Tumarkin mentions and quotes so many authors, journalists and historians throughout Otherland, I decided to keep a track of some of them here (I’ve only included the writers and journalists whose works have been translated into English. At this late stage, I doubt I will ever learn to read Russian!)

She also mentions some interesting websites.

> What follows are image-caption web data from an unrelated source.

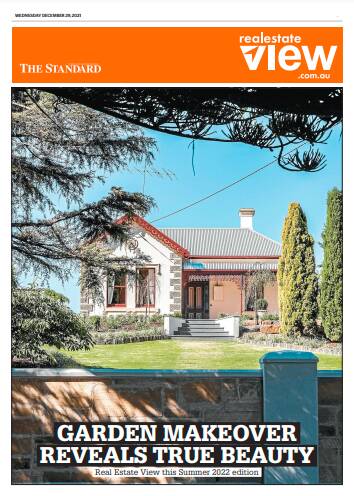 Garden makeover reveals a true Warrnambool beauty | Real Estate View this Summer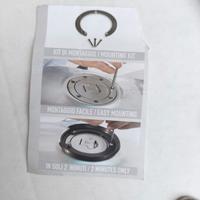 FLANGIA TANKLOCK GIVI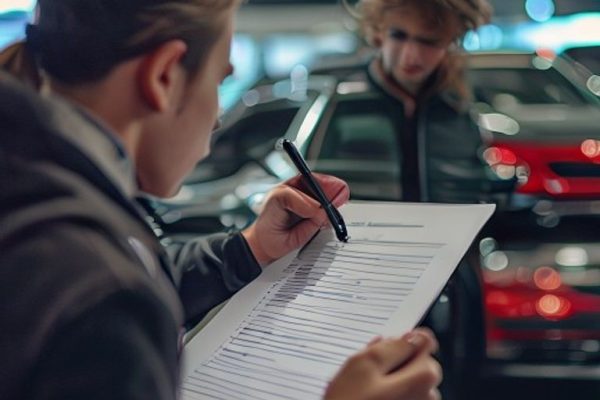 How to Navigate Dealer Fees and Negotiate a Car’s Out-the-Door Price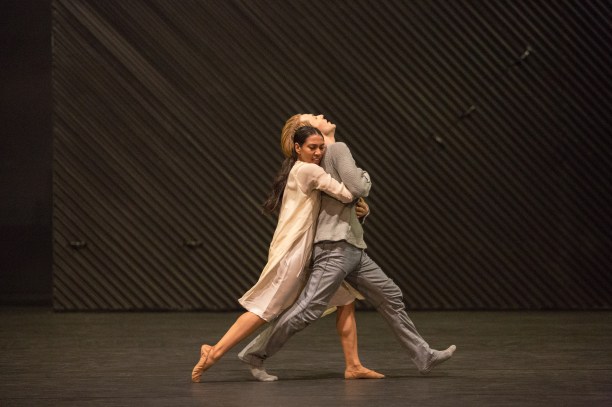 SALOME - Kungliga Operan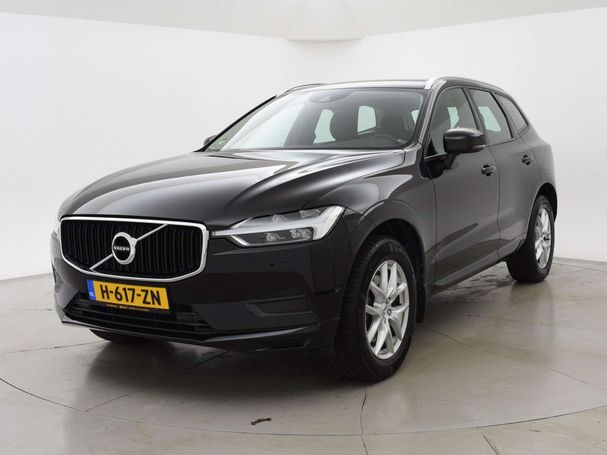 Volvo XC60 D4 140 kW image number 44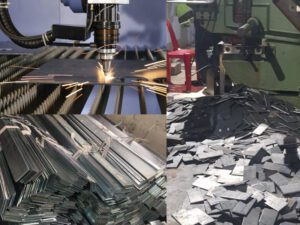 Gia công thép tấm theo yêu cầu giá rẻ nhất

  • Dubravka Ugrešić was born on 27 March 1949 in Kutina, Yugoslavia (now Croatia). She left Croatia in 1993 for political reasons and no longer indentifies as a Croation writer (wikipedia). Tumarkin describes her as ‘one of the most interesting chroniclers of poet-Communism’.
  • Osip Mandelstam was born on 14 January 1891 in Warsaw, Russian Poland. He was part of the Russian Guild of Poets (Acmeism). After deliberately insulting Stalin, Osip was exiled in the 1930’s before dying of typhoid in a transit camp on 27 December 1938. Tumarkin says he is one of her ‘literary idols’.
  • Nikolay Gavrilovich Chernyshevsky (1828 – 1889) was born in Saratov, Russian Empire described by wikipedia as a ‘literary and social critic, journalist, novelist, democrat, and socialist philosopher’. Cited by lenin as one of his ‘defining influences’.
  • Vsevolod Mikhailovich Garshin (1855 – 1888) was born Dnipro in what is now Ukraine. He was a writer of short stories. He experienced bouts of depression and died after attempting suicide.
  • Václav Havel (5 October 1936 – 18 December 2011) was born in Prague, Czechoslovakia and died in the Czech Republic. He was a statesman, author, poet, playwright and the first President of the Czeck Republic from 1993 – 2003.
  • Eva Hoffman was born Ewa Wydra on 1 July 1945 in Poland. Her family survived the Holocaust by hiding out in the forest and thanks to help of a few Polish and Ukrainian neighbours.
  • Herta Müller (17 August 1953) is a Romanian-born German novelist, poet, essayist and recipient of the 2009 Nobel Prize in Literature. Her book, The Land of Green Plums, is quoted by Tumarkin and is on my TBR pile.
  • Nadezhda Mandelstam (Oct 1899 – 29 December 1980) wife of Osip Mandelstam (above). She wrote two memoirs about their lives together under Stalin: Hope Against Hope (1970) and Hope Abandoned (1974).
  • Tatyana Nikitichna Tolstaya (3rd May 1951) is a Russian writer, TV host, publicist, novelist, and essayist.
  • Vladimir Sorokin (7 August 1955) Farewell to the Queue plus other results on Words Withour Borders.
  • Susan Richards founding editor of Open Democracy & author of Lost and Found in Russia (2009) and Epics of Everyday Life, Encounters in a Changing Russia (1991).
  • Communal Living in Russia – a website ‘designed as a virtual ethnographic musuem’. Truly fascinating.
  • Yuly Isayevich Aykhenvald (24 January 1872 – 17 December 1928) Don Quixote on Russian Soil
  • Venedikt Erofeev (24 October 1938 – 11 May 1990) Moscow to the End of the Line
  • Joseph Brodsky (24 May 1940 – 28 January 1996) poet and essayist from Leningrad. Encouraged to emigrate to the USA in 1971. Brodsky was awarded the 1987 Nobel Prize in Literature. Tumarkin says he is one of her ‘literary idols’.
  • Anna Akhmatova (June 1889 – 5 March 1966) was a poet. Tumarkin says she is one of her ‘literary idols’.
  • Svetlana Alexievich (31 May 1948 Ukrainian SSR)
  • Mikhail Jvanetsky ‘Under dictatorship you can be knocked out from the top, under democracy – from the bottom…| Back to the Future’
Title: Otherland: A Journey With My Daughter
Author: Maria Tumarkin
ISBN: 9781741666793
Imprint: Vintage Australia
Published: 1 April 2010
Format: Trade Paperback
Pages: 314
Dates Read: 24 July 2022 - 21 August 2022
  • This post was written on the traditional land of the Wangal clan, one of the 29 clans of the Eora Nation within the Sydney basin. This Reading Life acknowledges that Aboriginal and Torres Strait Islander peoples are this land’s first storytellers.

7 thoughts on “Otherland | Maria Tumarkin #UnderstandingUkraine

  1. My daughter took her children – Ms 13, Mr 6 and Ms 5 to the UK and Europe for six weeks in 2017. We joined them for around two weeks. Ms 13 didn’t play up, or even act particularly sulky, but she didn’t want to be there and even now regrets going. We (grownups) all thought it was a good age and maybe a last chance for mother and daughter to share such an experience. None of us is sure why it wasn’t.